Un buen amigo al que le sobran kilos se niega a renunciar al cacao soluble de cada mañana porque el vaporcillo que desprende la taza le recuerda a su madre. Ese aroma, dice, le hace sentirse joven. Reconocer olores pasados y situarlos en el tiempo y el espacio constituye un ejercicio indispensable para mantener viva la memoria. Al igual que mi amigo el del cacao, trato de no desaprovechar la ocasión de revivir mi álbum personal de fragancias. He de admitir que algunas son poco originales. El olor de la tierra mojada tras una tormenta de verano me transporta de inmediato a los campos de Castilla de mis vacaciones infantiles y recuerdo aún cómo olían antes los autobuses de la Empresa Municipal de Transportes y el tufo intenso que desprendían las estaciones del metro. Este último, muy diferente al que ahora expele, me fascinaba. Era como un olor a caverna que reconocí de inmediato el día que tuve la oportunidad de bajar a la estación fantasma de Chamberí, cerrada desde los años sesenta. Aquellos efluvios que limpiaron los modernos sistemas de aireación tenían algo de tenebroso e inquietante para una nariz infantil. Las estaciones de tren olían de otra forma y sus andenes difundían una fragancia inconfundible. Intenso y cautivador, aquel aroma se mezclaba con los besos y abrazos, las sonrisas de bienvenida y las lágrimas de despedida propias de una época en la que viajar era todavía algo extraordinario. Tardé años en saber que ese perfume decididamente ferroviario era el de la creosota.

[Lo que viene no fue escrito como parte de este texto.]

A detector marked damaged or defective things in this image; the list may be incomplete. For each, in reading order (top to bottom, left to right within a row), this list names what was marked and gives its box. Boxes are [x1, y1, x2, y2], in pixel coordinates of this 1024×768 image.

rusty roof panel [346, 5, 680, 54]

La creosota es un líquido espeso y aceitoso que extraen del alquitrán de hulla y hasta los años setenta se empleaba para proteger las traviesas de madera de la humedad, el frío y los insectos. Esas traviesas fueron levantadas para sustituirlas por las de hierro y hormigón, y la madera reciclada fundamentalmente para la decoración de parques y jardines. Semanas atrás, un documento de la Consejería de Sanidad de la Comunidad de Madrid recomendaba públicamente la retirada de patios y zonas infantiles de las traviesas tratadas con creosota. Según cuentan, el benzopireno que contiene ha demostrado un poder cancerígeno muy superior al que se le venía atribuyendo. Ya en los ochenta, la normativa medioambiental limitó el uso de la creosota de forma categórica, aunque nunca tanto como para suponer que unas traviesas al aire libre pudieran resultar nocivas para la salud.

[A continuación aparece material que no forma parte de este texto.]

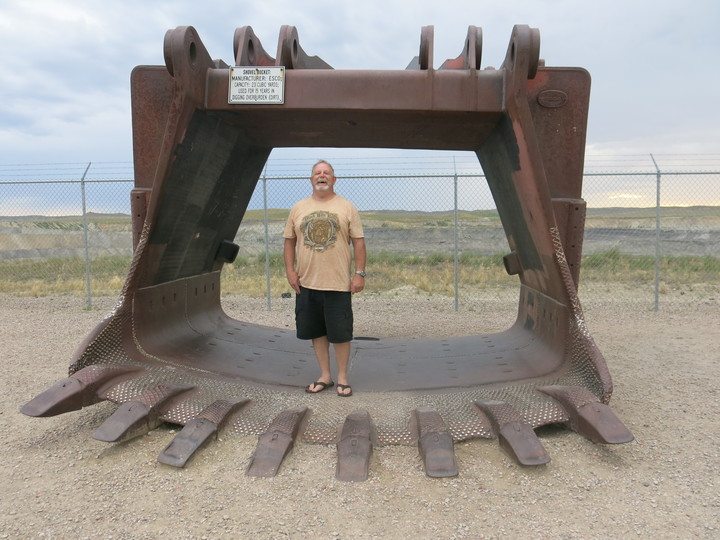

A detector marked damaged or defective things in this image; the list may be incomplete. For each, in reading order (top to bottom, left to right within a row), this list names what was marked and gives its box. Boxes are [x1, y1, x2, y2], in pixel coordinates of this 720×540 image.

Sin poseer mayor conocimiento científico, me cuesta creer que el sudor alquitranado de la madera en un espacio abierto se aproxime siquiera a los umbrales máximos de concentración por encima de los cuales se incurre en situación de riesgo. Piensen, además, que hablamos de un compuesto usado hasta hace unos años en desinfectantes, repelentes de insectos e incluso en tratamiento de enfermedades de la piel como la psoriasis. Si sus efectos resultaban tan dañinos hubieran muerto como chinches, y no hay constancia de tal desastre. De los perjuicios provocados por las antiguas traviesas, de las que se cuentan por miles en los parques de Madrid, lo único que hay realmente documentado es que el año pasado un niño de San Agustín de Guadalix sufrió leves molestias tras jugar sobre uno de estos maderos. Y tampoco hubo mayor constatación científica sobre la relación causa efecto. Tengo la impresión de que en las cuestiones de salud tendemos a exagerar hasta el delirio con cosas menores mientras nos despreocupamos de las mayores.

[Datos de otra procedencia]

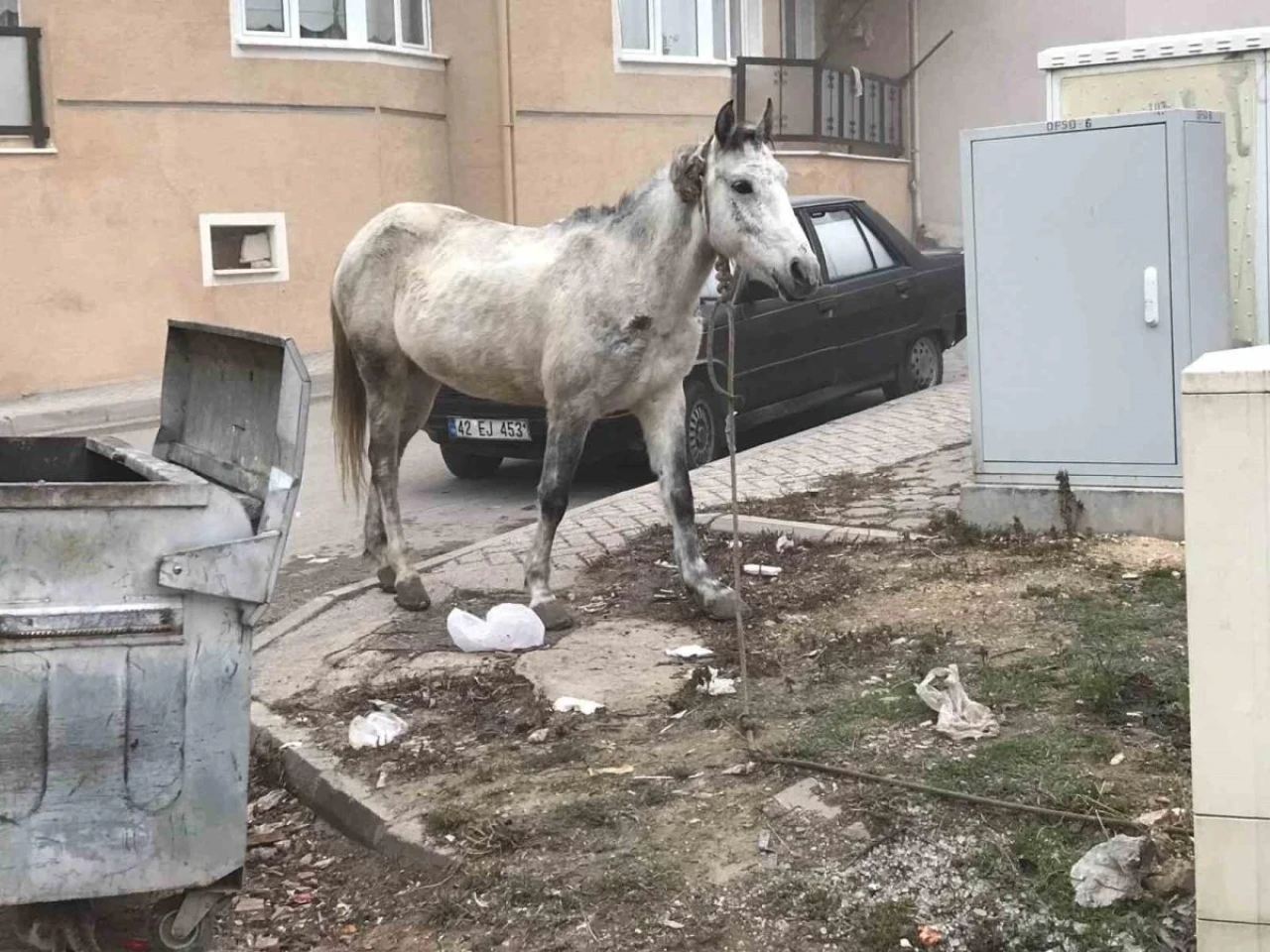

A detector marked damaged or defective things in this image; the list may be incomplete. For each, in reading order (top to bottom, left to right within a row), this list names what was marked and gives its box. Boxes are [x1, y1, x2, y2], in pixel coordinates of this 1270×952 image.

rusty metal container [0, 320, 307, 949]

Cargar la mano sobre la toxicidad de unos viejos maderos impregnados de alquitrán mientras la bollería industrial causa estragos en el organismo de la chavalería o la muchachada se cuece los fines de semana de alcohol y pastillas resulta un poco grotesco. Tengo dos traviesas en mi jardín desde hace cinco años y sigo vivo. Es más, soy casi adicto a la creosota.